Casi todas construidas por sus propios habitantes.
Piedra a piedra, bloque a bloque. Casi todas ilegales. Casi todas distribuidas por familias: los quemados, los puños, güeveros, los cadianos, los caballos, los chinos, los fajineros, los negros. Como pajaritos que fabrican los nidos unos cerca de los otros, unos encima de los otros, para protegerse. Y a parte, todo empinado. Un barrio vertical sobre un monte vertical cubierto de nubes bajas, todo surcado por una cueva horizontal muy larga, que iba hasta la cumbre y bajaba hasta la mar, como el manto de la virgen de Candelaria, la más bonita, la más morena.
Las primeras casas del barrio empezando desde arriba tenían los tejados y las azoteas llenas de piñas de los pinos y muchas veces parecía que en vez de casas hechas por personas eran casas de brujas y duendes. El resto del barrio, lo que no eran casas, era todo verde oscuro, del color del monte. Mi casa era una montaña de muchas casas construidas sobre la casa de mi bisabuela Edita, la única legal, la única que tenía número. Como mi casa estaba hecha de muchas casas, teníamos que coordinarnos pa poner la tele y cocinar. Si encendíamos dos hornos a la vez la luz saltaba. Si mi padre, mi madre y abuela y el hermano de abuela tío Ovídeo y yo, que éramos todas las personas que vivíamos en esa casa, encendíamos todas nuestras teles a la vez, yo sentía que la casa explotaba y salía volando pal aire”.
Las casas rurales:
“A mí me gustaban y no me gustaban las casas rurales, quiero decir: Me gustaban porque eran bonitas pero no me gustaban porque entre ellas y yo había como una pared enorme de papel transparente de cocina, papel fil, que no me dejaba participar en las mejores cosas de las casas rurales. Las casas rurales estaban en la calle de al lado de mi calle, el paso del burro. Las casas rurales tenían la culpa de que los días en los que mi madre no tenía que ir al sur a limpiar hoteles tuviese que limpiar casas rurales y no pudiésemos ir a la playa y por eso a mí tampoco me gustaban las casas rurales.
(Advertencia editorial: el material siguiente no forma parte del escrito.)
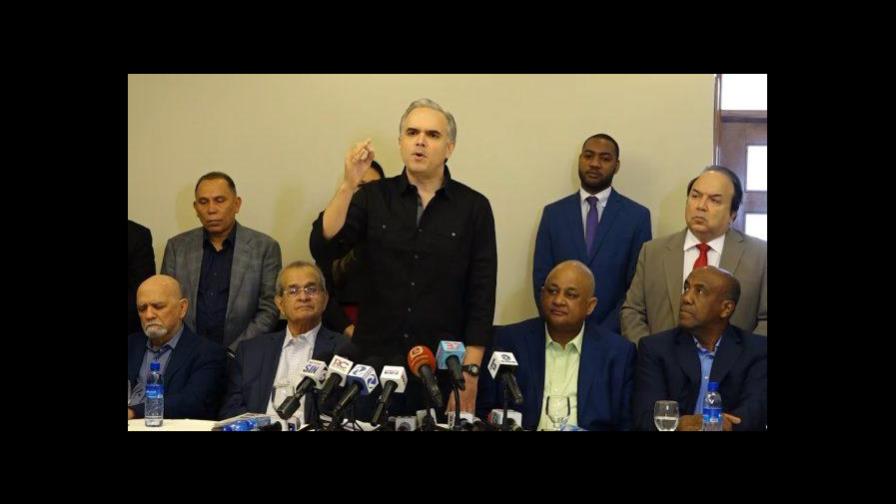 Partidos de oposición instan a Danilo Medina a convocar concertación nacional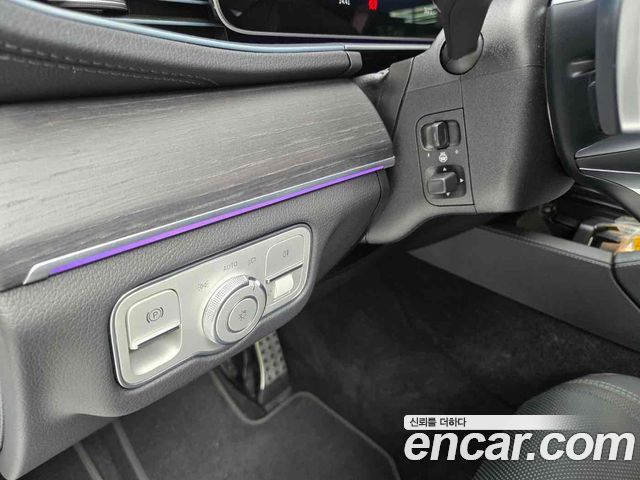 Mercedes-Benz GLE-Class 2023 — photo 19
Si yo quería estar con mi madre, tenía que ir con ella a limpiar las casas rurales, pero a mí me aburría limpiar las casas rurales. Ella a veces me decía quédate aquí tranquilita jugando y yo me quedaba y me sentía como con un vacío hondo dentro del estómago, y me ponía triste, pero si ella me decía me tienes que ayudar a limpiar las casas rurales y no me dejaba jugando, entonces tampoco me sentía contenta, porque yo odiaba limpiar las casas rurales yo de mayor quería ser secretaria de papeles, no limpiadora”.